__Exercise brief__
What you give back from the listing below should be an exact copy of the lines from the one with "2025 Ford Bronco Sport Outer Banks®" down to the one with "Pikler Arch with grey pillow", and it should contain no pictures.
─── Data for this exercise
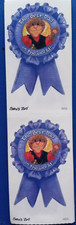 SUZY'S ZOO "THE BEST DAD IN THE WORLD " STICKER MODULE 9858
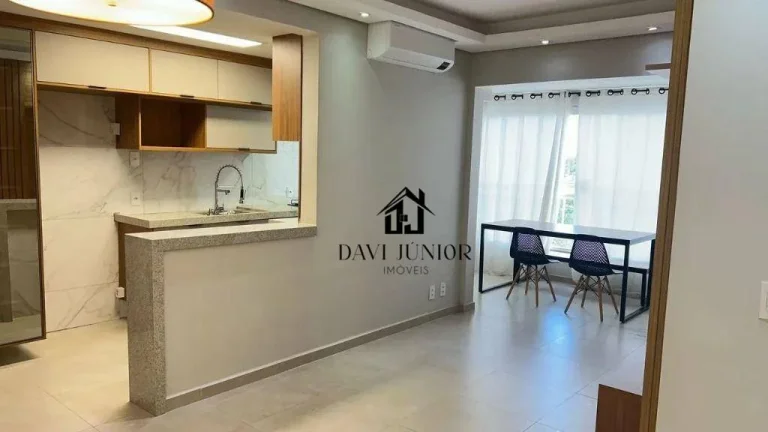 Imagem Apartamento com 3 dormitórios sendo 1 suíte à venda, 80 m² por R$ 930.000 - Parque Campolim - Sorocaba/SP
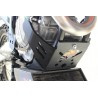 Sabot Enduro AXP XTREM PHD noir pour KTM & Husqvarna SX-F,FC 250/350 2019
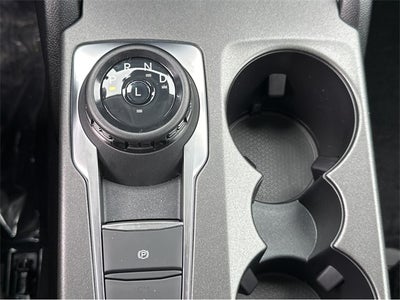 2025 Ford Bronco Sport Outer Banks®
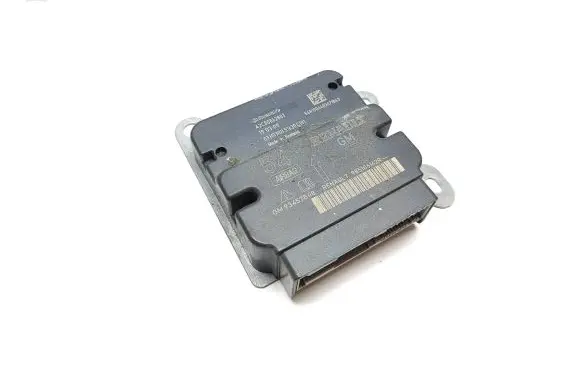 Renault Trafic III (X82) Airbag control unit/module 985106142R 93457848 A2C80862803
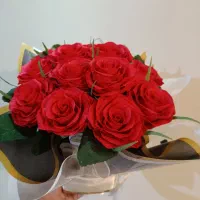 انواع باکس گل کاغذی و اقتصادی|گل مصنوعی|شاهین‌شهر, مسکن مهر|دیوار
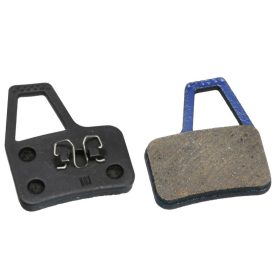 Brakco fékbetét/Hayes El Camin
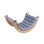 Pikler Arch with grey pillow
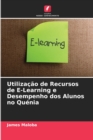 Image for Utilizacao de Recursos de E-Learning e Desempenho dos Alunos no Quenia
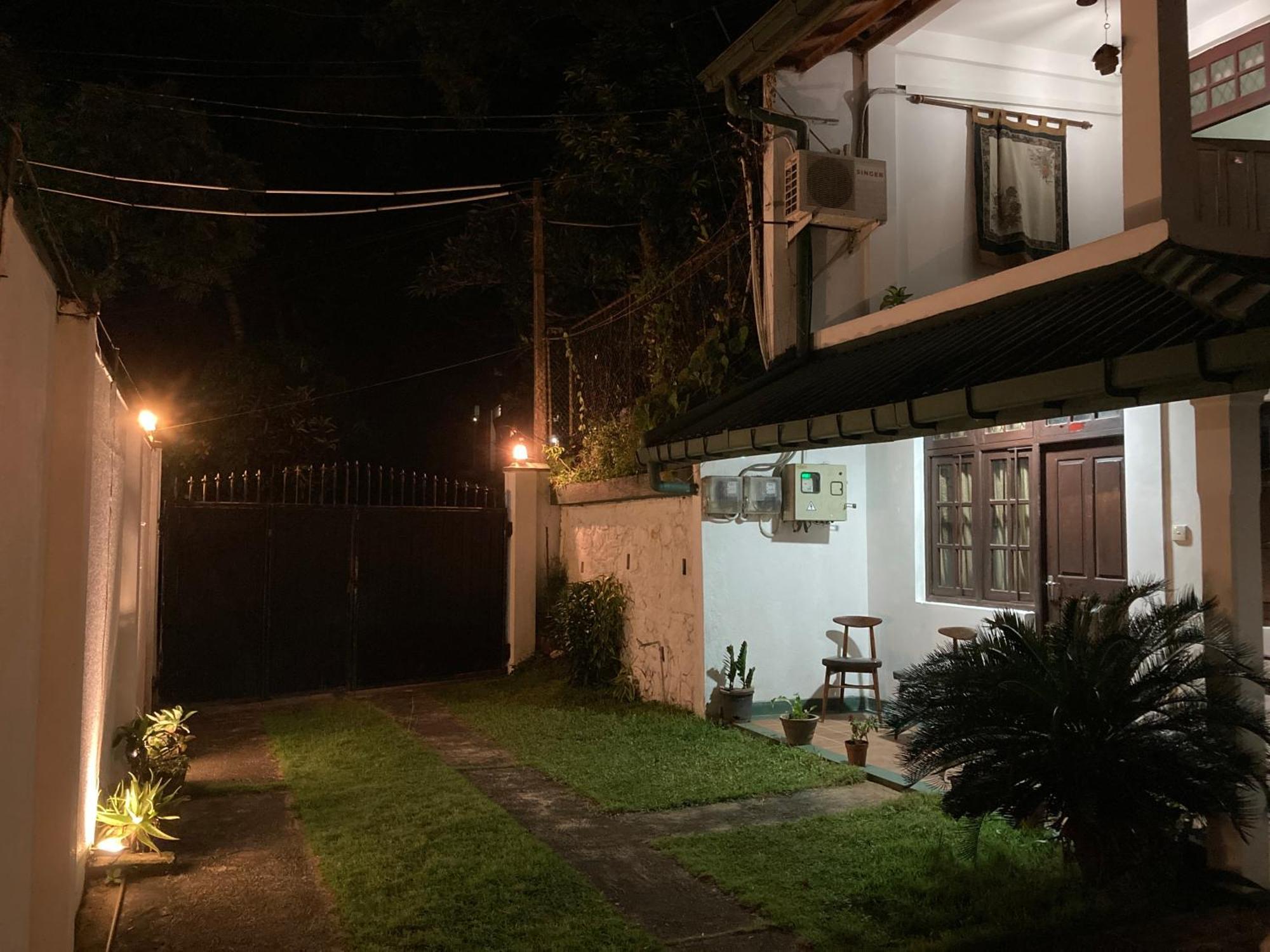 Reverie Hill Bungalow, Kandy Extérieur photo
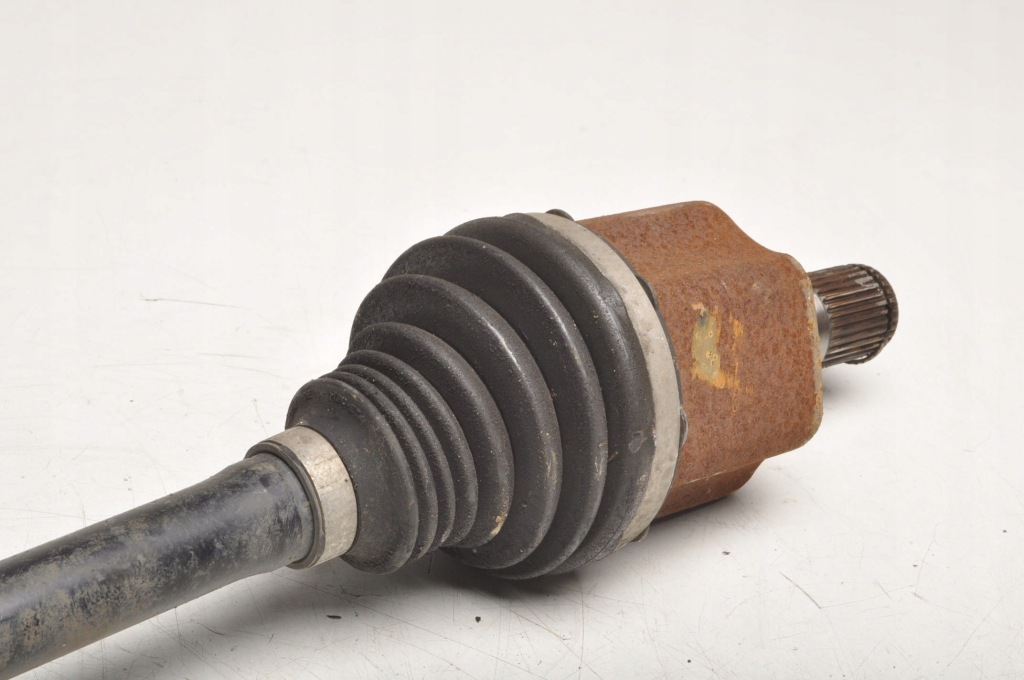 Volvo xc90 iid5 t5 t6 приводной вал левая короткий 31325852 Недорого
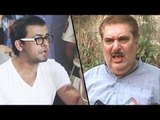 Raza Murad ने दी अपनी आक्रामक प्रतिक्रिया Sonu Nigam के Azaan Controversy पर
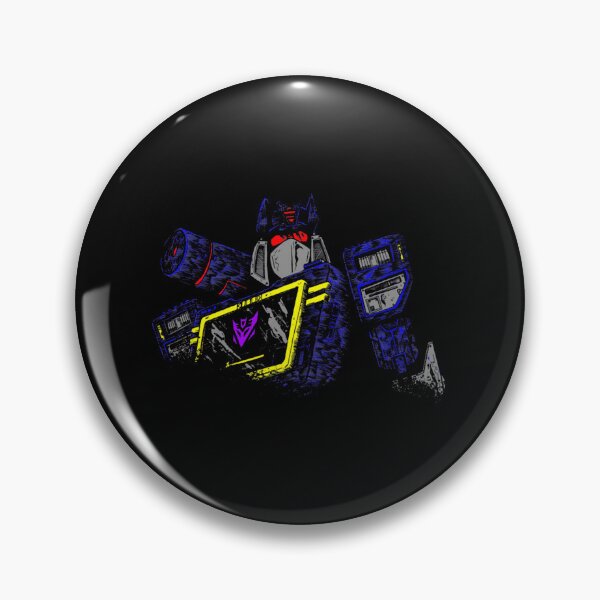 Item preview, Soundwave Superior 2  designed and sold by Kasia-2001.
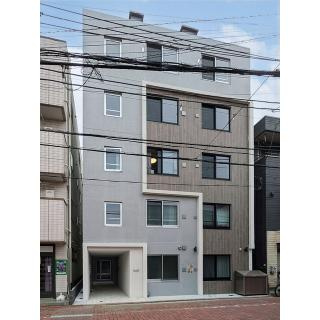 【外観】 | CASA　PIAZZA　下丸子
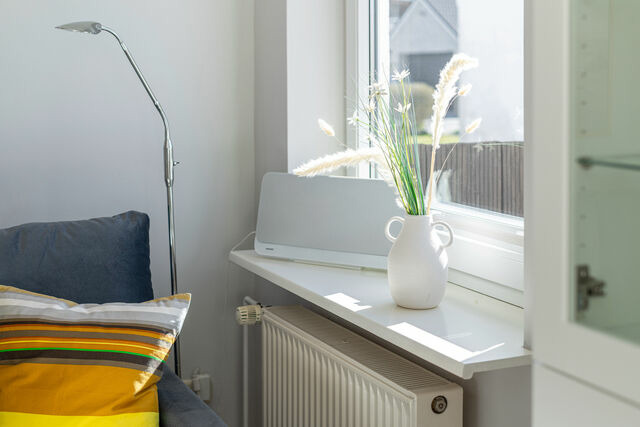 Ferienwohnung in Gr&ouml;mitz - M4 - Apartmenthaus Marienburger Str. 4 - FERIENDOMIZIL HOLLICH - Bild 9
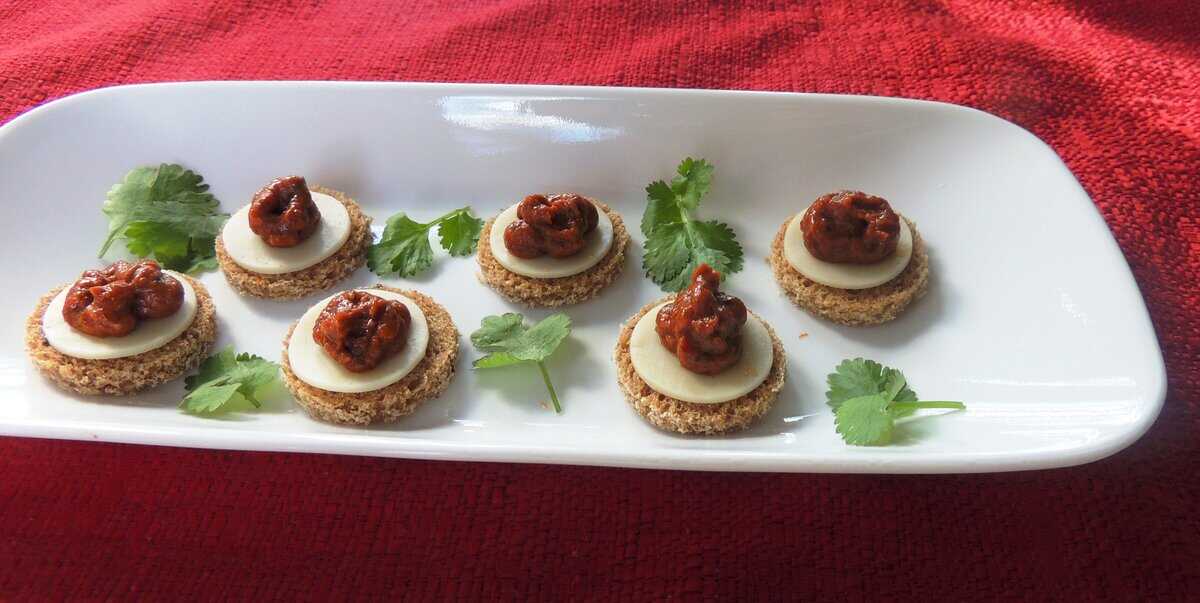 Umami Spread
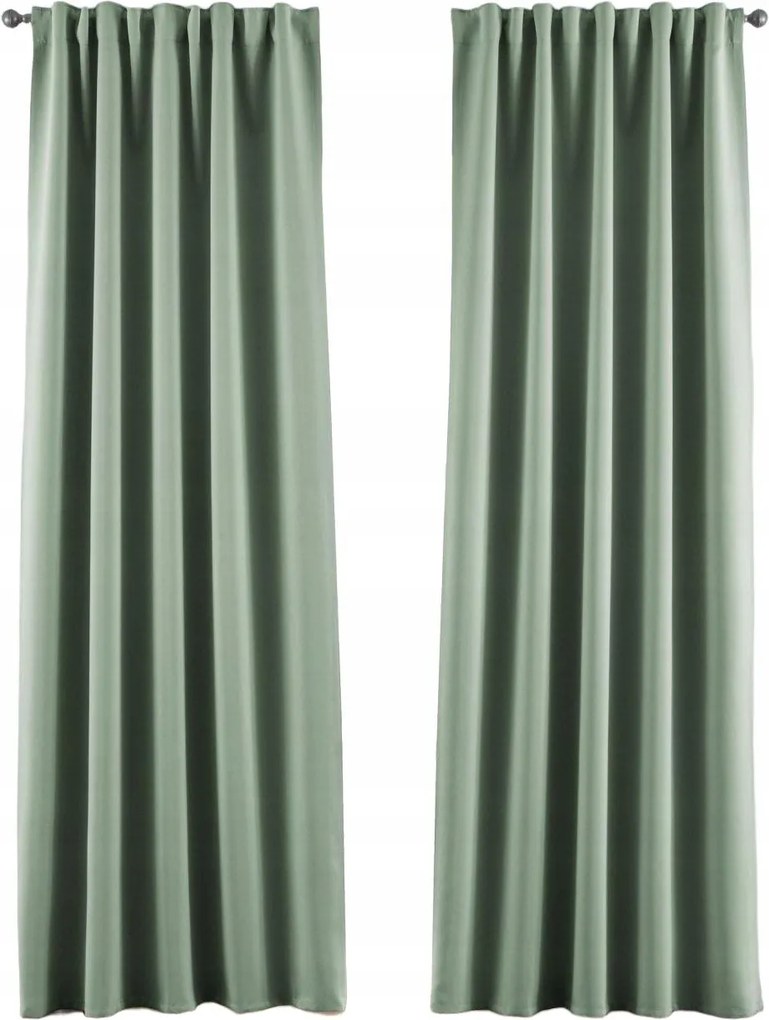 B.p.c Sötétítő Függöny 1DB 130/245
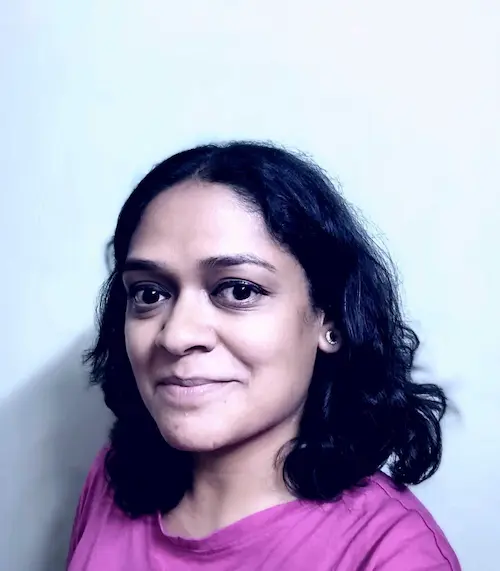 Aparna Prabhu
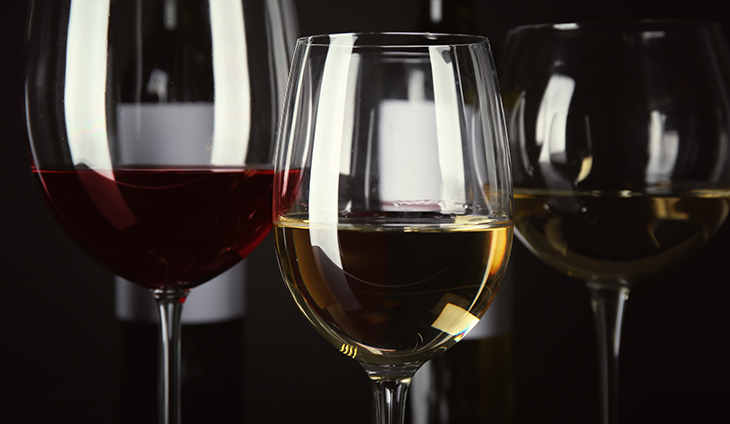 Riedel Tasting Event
──────
__Written answer__
 2025 Ford Bronco Sport Outer Banks®
 Renault Trafic III (X82) Airbag control unit/module 985106142R 93457848 A2C80862803
 انواع باکس گل کاغذی و اقتصادی|گل مصنوعی|شاهین‌شهر, مسکن مهر|دیوار
 Brakco fékbetét/Hayes El Camin
 Pikler Arch with grey pillow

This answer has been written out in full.